▸ RAW DATA
--- START ---

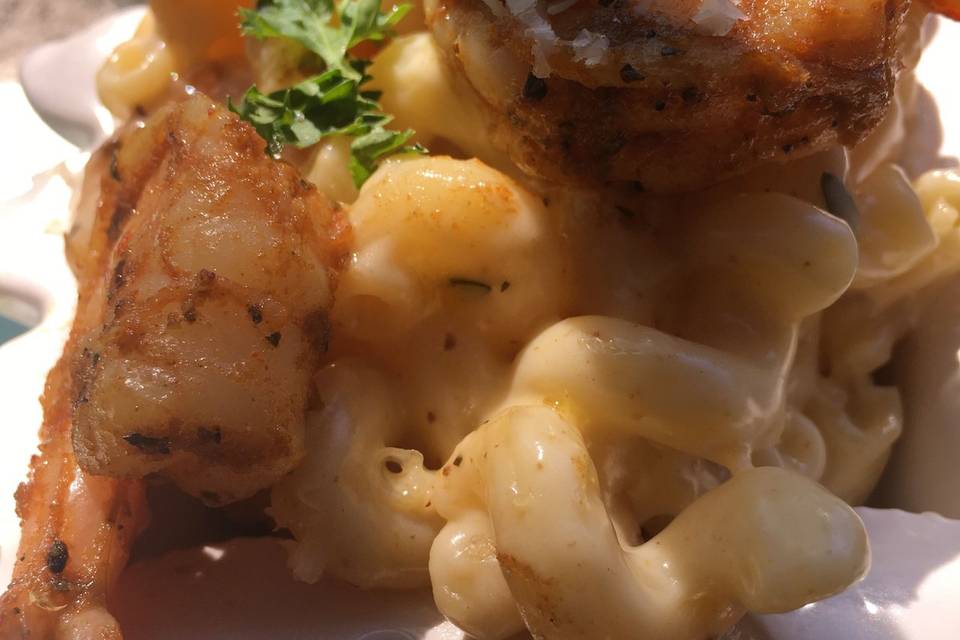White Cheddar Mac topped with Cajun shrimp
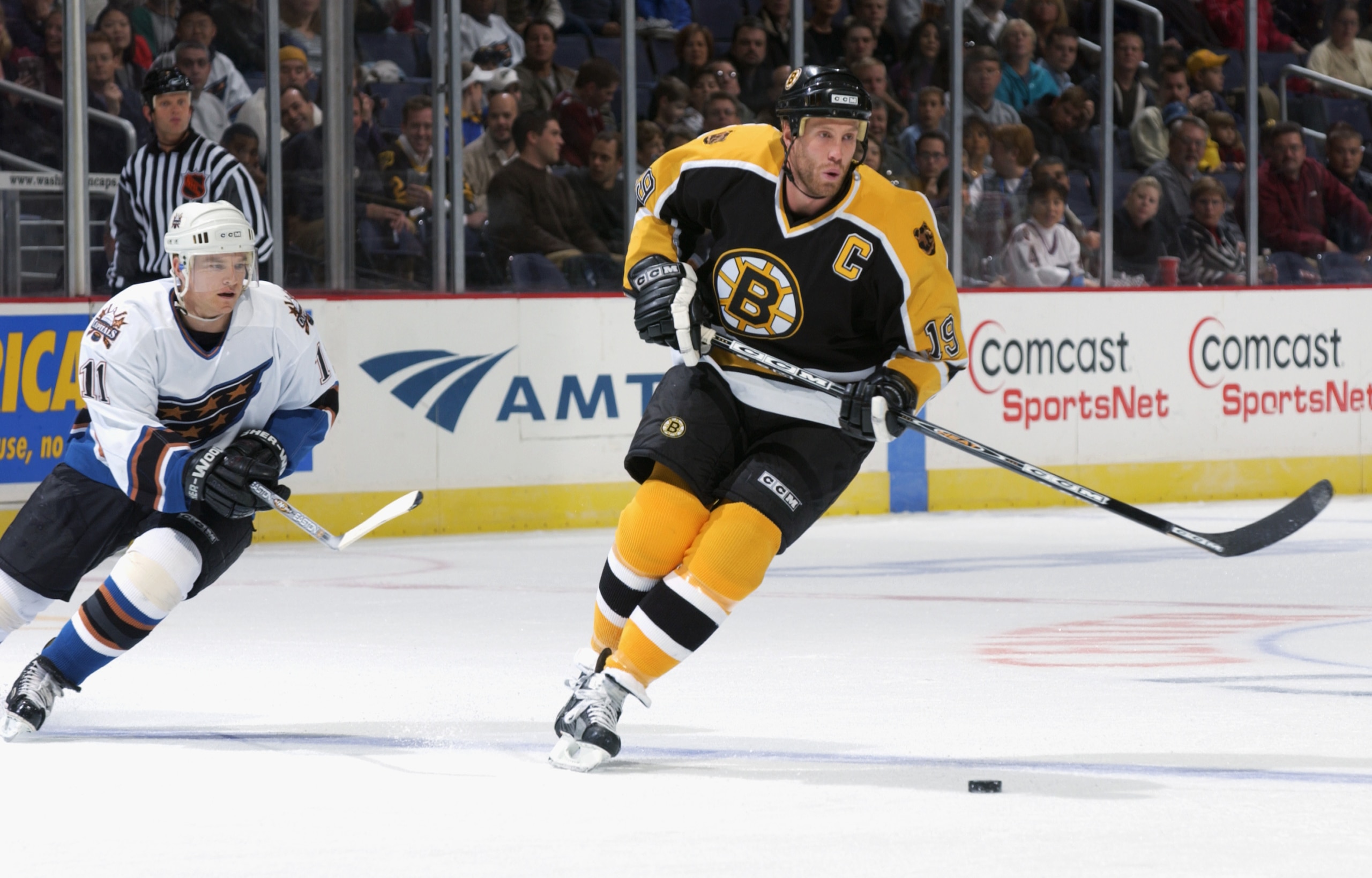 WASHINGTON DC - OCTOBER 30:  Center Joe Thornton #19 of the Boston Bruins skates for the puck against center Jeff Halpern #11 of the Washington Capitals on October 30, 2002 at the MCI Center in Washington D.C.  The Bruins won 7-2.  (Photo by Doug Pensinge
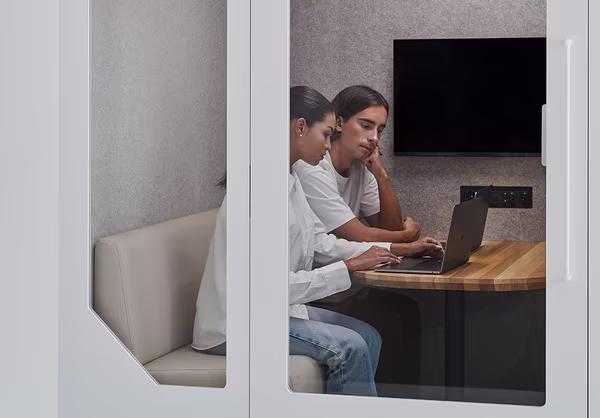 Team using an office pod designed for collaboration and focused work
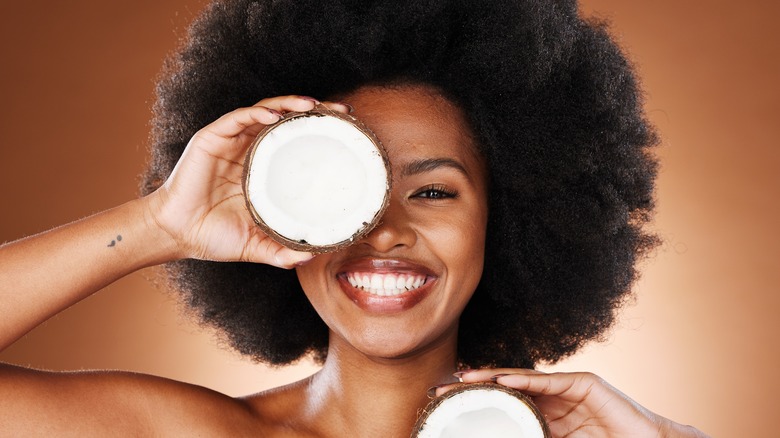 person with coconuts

--- END ---

▸ ASSIGNED TASK
Leave out every picture and copy verbatim the lines running from the line containing "Team using an" through the final line of the data.

▸ RESPONSE TO THIS TASK
 Team using an office pod designed for collaboration and focused work
 person with coconuts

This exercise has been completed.